Well, our lifestyle just isn't sustainable I think...fundamentally.
We can't only be producing in the economy for 35 years of our lives and then expect to retire and live in luxury (1-22 years and then retirement to death, say 15-20 years there). It's just not sustainable, not when the rest of the world is willing to work for so much less money and do the same thing. They're starving, so they're willing to work 12 hour days. We're just going to have to suck it up and keep working till we're no longer able (till like 70-75), and then move in with your children-- the way it's worked for all of history until now.
So, people need to keep working (delay SS until 75 or whatever the avg life expectancy is-- used to be 65 that's why SS started at 65), and just be content with less-- such as living with your children if you can't afford your own house.
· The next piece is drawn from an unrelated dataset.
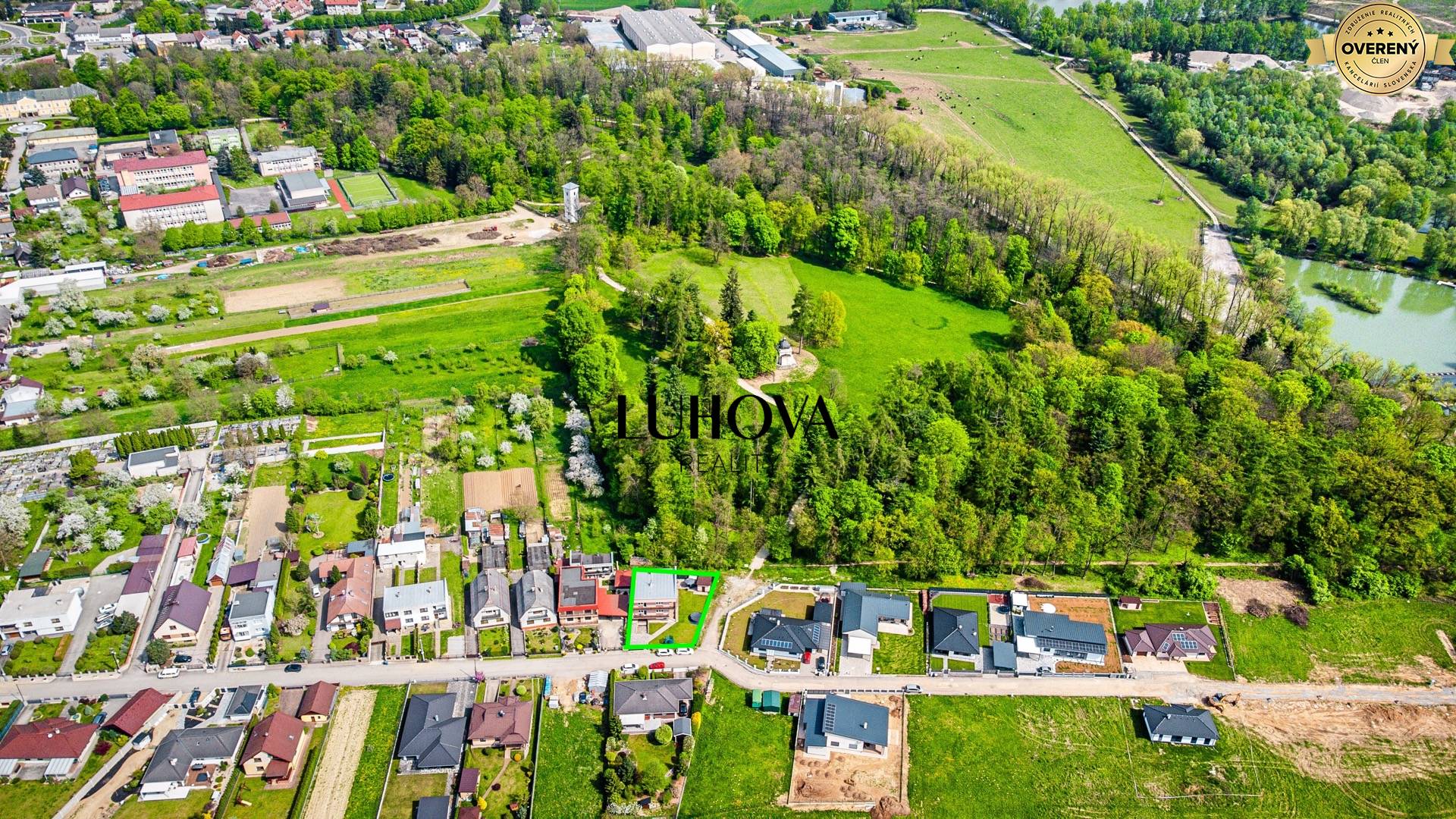 11-4-LUHOVA-5(1)_vyznačiť dom s pozemkom.jpg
There's really no way out of this, it's either inflation with the Federal Reserve buying all the US Treasuries (result will be cost of living goes way up until the SS payments aren't anything at all anymore-- ie barely cover food if even that), or the gov't axing benefits for the old people-- the end result is the same, they end up with less. The working population won't put up with another Income Tax (which is what this will turn into), they'd rather have the money and mom/dad just have to live with them.
I'm not really sure what world you live in where SS is living in luxury. In no universe are monthly SS checks considered luxirious, that's just a fundamental misunderstanding on your part. You're also making claims about how old folks have lived with their kids "for all of history" as if anyone who has actually looked into the history of that statement could possibly corroborate it. Not since the early 19th century have parents and their children consistently lived together; once families started having fewer babies (because they didn't need/want kids to subsist on farmland any longer, so children left earlier and parents were forced to fend for themselves in their old age, helping to lead to the idea of having to save money in banks over one's lifetime), have children and parents lived together in the elder's retirement in any significant numbers. We're talking 200 years ago.
Your statements also ignore the reality that other countries are already successful at doing this; plenty of other countries have workers that work for less than 35 years (like France, like Britain) who retire with very good benefits and can do so for 20+ years.
The country has been putting up with it since the 19th century, and the numbers say it's not really difficult to sustain with a combination of more people, more economic growth, more taxes and, yes, more inflation. You're going to have to get over the idea that inflation is bad, because it's a very sensible way to grow an economy in moderate amounts and far superior to letting dollars deflate which is, of course, the only alternative.